Every line below that holds "Package" must be copied.

### Given information

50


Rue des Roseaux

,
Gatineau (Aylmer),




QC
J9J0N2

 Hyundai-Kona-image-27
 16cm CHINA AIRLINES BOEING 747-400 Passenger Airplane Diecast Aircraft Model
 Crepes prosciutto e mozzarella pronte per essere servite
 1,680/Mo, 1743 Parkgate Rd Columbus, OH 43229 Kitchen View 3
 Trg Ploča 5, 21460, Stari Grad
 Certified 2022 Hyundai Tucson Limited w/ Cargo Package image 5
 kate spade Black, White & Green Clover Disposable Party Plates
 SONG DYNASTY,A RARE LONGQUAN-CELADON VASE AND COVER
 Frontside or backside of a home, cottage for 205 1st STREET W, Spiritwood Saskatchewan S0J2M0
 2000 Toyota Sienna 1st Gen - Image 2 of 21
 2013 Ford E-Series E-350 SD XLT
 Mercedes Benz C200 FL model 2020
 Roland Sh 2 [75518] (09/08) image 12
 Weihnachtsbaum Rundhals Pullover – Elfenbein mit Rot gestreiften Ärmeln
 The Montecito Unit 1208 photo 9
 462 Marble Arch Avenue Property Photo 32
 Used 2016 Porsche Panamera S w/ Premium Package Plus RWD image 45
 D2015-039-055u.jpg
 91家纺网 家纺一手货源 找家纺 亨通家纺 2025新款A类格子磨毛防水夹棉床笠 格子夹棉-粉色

######

### Answer for the task
 Certified 2022 Hyundai Tucson Limited w/ Cargo Package image 5
 Used 2016 Porsche Panamera S w/ Premium Package Plus RWD image 45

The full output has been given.